Defendant was charged by information with the crime of forgery, alleged to have been committed at the city and county of San Francisco, on or about December 18, 1895. To the information defendant pleaded: 1. Not guilty; 2. Once in jeopardy; 3. Former acquittal.
Upon the trial the defendant was found guilty as charged. The jury also found for the “people on former pleas” of once in jeopardy and former acquittal.
Thereupon judgment was entered that defendant be punished by imprisonment in the state prison of the state of California at San Quentin for the term of four years.
Defendant appeals from the judgment, from an order denying his motion for arrest of judgment, and from an order denying his motion for a new trial.
The determination of a single question is conclusive of the appeal. The defendant was charged with the forgery and uttering as genuine a certain check or instrument in writing, of which the following is a copy:
*126“No. 1245. San Francisco, Dec. 16, ’95.
Pacific Coast Savings Society of San Francisco, Cal:
“Pay to John Nelson, or bearer ($600), six hundred dollars.
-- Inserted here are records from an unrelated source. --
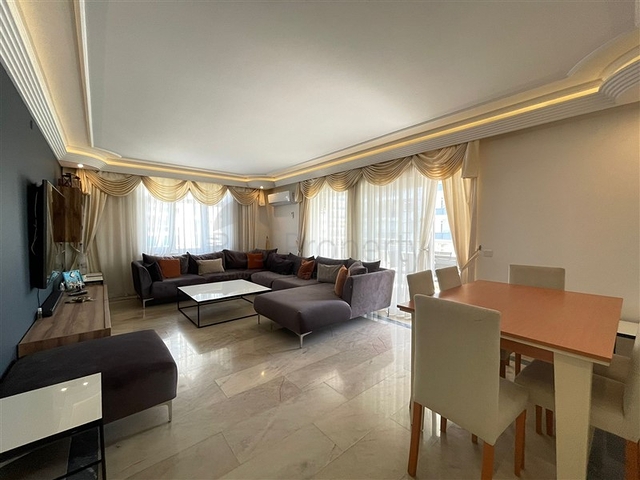 Трехкомнатная квартира на первой линии в районе Махмутлар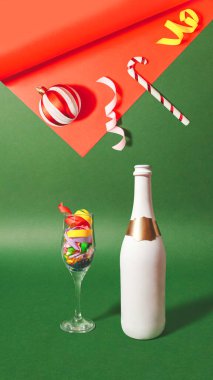 Renkli flamalarla dolu kristal bardaklı gerçek üstü sahne, Noel süsleri ve çift tonda şampanya şişesi yeşil ve kırmızı arka planda. Vintage Xmas parti konsepti.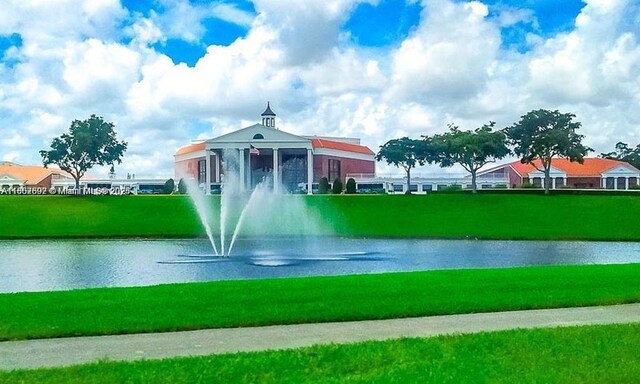 111 Tilford F Unit 111, Deerfield Beach, FL 33442 - view of property's community featuring a water view and a yard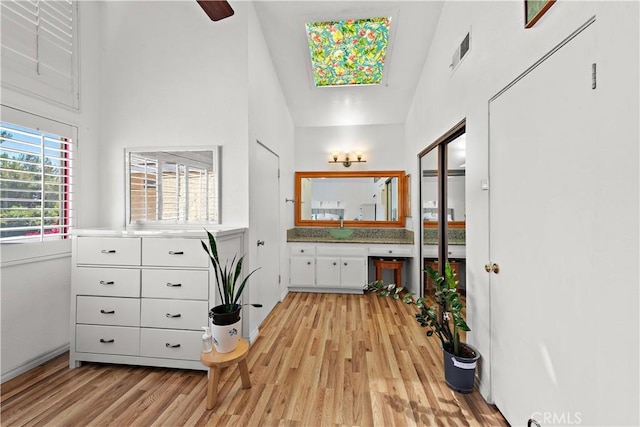 12750 Centralia St Unit 159, Lakewood, CA 90715 - bathroom with wood finished floors, vanity, and a towering ceiling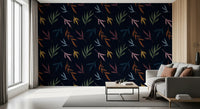 A wide view showing the full pattern of the painted leaves wallpaper.
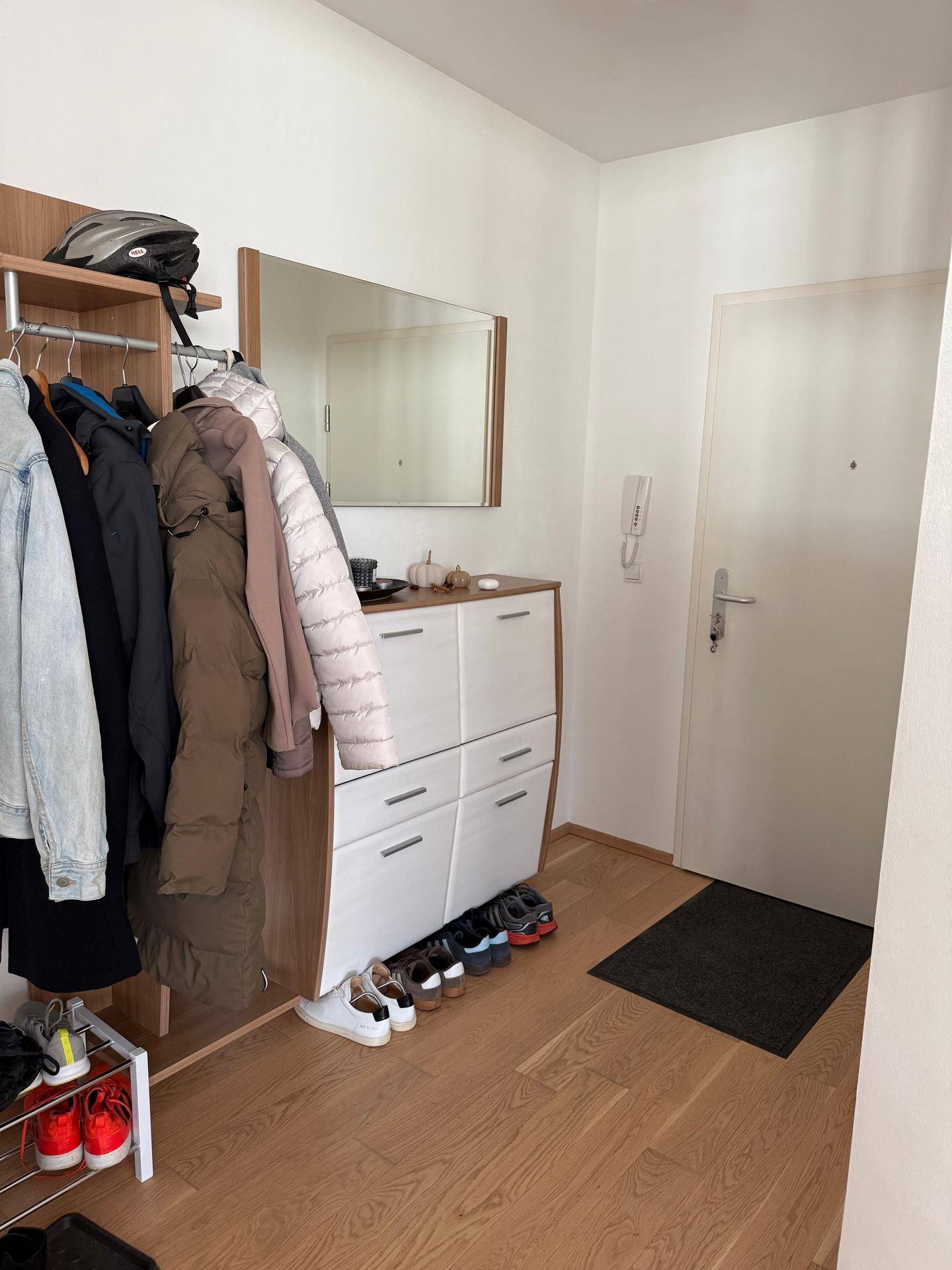 Heller Eingangsbereich mit Garderobe, Schuhschrank und der Eingangstür zur Wohnung.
Clearing House No. 14. John F. Johnson.”
[Indorsed]: “John Nelson.”
At the trial there was evidence tending to show that about 7 o’clock p. m. of December 18, 1895, the defendant, John Lundin, who passed under the name of Thompson, in company with one Albrecht and a man named Nelson, who professed to be the indorser and payee of the foregoing check, called at the saloon and lunch-house of Emma Schoenemann (now Dorn) on Spear street, San Francisco, where they negotiated and' agreed to purchase, for and in the name of Nelson, from Mrs. Dorn, a one-half interest in her saloon for four hundred dollars, from which sum Mrs. Dorn was to pay Albrecht a commission of sixty dollars, and also a couple of dollars to defendant for his trouble.
Defendant produced and passed to Nelson a check of which the foregoing is a copy, and the latter gave it to Mrs. Dorn. Upon her inquiry the parties all declared the check was good. It being late, Mrs. Dorn declined to make a bill of sale of the property until the check could be cashed the next morning.
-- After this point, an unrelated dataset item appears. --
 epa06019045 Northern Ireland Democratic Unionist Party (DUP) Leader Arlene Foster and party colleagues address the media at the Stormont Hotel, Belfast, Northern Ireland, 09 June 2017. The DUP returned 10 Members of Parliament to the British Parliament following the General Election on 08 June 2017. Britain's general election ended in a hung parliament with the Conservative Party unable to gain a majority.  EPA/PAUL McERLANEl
Mrs. Dorn then gave Nelson a receipt for the check, and it was agreed that he would come the next morning, go with Mrs Dorn to the bank, where they would get the cash on the check for six hundred dollars, whereupon Nelson would receive the two hundred dollars in excess of the purchase price of one-half of the saloon, the other parties would receive their commissions, etc.
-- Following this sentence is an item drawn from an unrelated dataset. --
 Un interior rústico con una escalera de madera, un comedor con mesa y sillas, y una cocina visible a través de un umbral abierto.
After this was arranged, Albrecht wanted Mrs. Dorn to pay him his commission, which she refused until the check was cashed. He, or some of them, then sought to obtain forty dollars, twenty dollars, and finally ten dollars, but Mrs. Dorn was suspicious and re*127fused to pay anything. Nelson did not appear the next morning, and has not since appeared.
Payment of the check was refused at the bank, no such person as the drawer having any funds there.
There was testimony tending to show that the name “John F. Johnson” signed to the check, and the name “John Nelson” indorsed thereon, were both in the handwriting of defendant.
Two witnesses named John F. Johnson were called by the prosecution. The first knew nothing of the defendant. The second testified that he had known defendant some seven or eight years; that he (said Johnson) did not sign the check; that the signature was not his handwriting, and that he had no account at the bank upon which it was drawn.
No question was asked and no testimony introduced tending to 'show whether or not defendant was authorized to sign the name of “John F. Johnson” to the check.
Under the previous rulings of this court we are compelled to say the evidence was insufficient to warrant a conviction.
In People v. Whiteman, 114 Cal. 338, a case involving a like question, the court, speaking through Temple, J., said: “There was no evidence that the persons by -whom the checks purported to be drawn were real persons, and none that if they were real persons, defendant was not authorized to use their names.....To prove that an accused person signed the name of another to an instrument, and that he passed such instrument as genuine, does not prove the commission of a crime. It must still be shown that it was a false instrument, and this is not proven until it is shown that the person who signed another’s name did so without authority. Until this proof is made it is not shown to be a false instrument, and the defendant is not put to his proof at all.” People v. Mitchell, 92 Cal. 590, is to like effect.
There was some evidence in the case at bar from which the jury might have inferred that the second *128John F. Johnson, called as a witness, was the person whose name was intended to be signed to the check, but there is no evidence whatever that defendant was not authorized to sign the same.
The instructions of the court contained a clear exposition of the law as enunciated in People v. Whiteman, supra, but the jury failed to be governed by those instructions in the rendition of their verdict.
We recommend that the judgment and order denying a new trial be reversed, and a new trial ordered.
Belcher, C., and Britt, C., concurred.
For the reasons given in the foregoing opinion, the judgment and order denying a new trial are reversed, and a new trial ordered.
McFarland, J., Temple, J., Henshaw, J.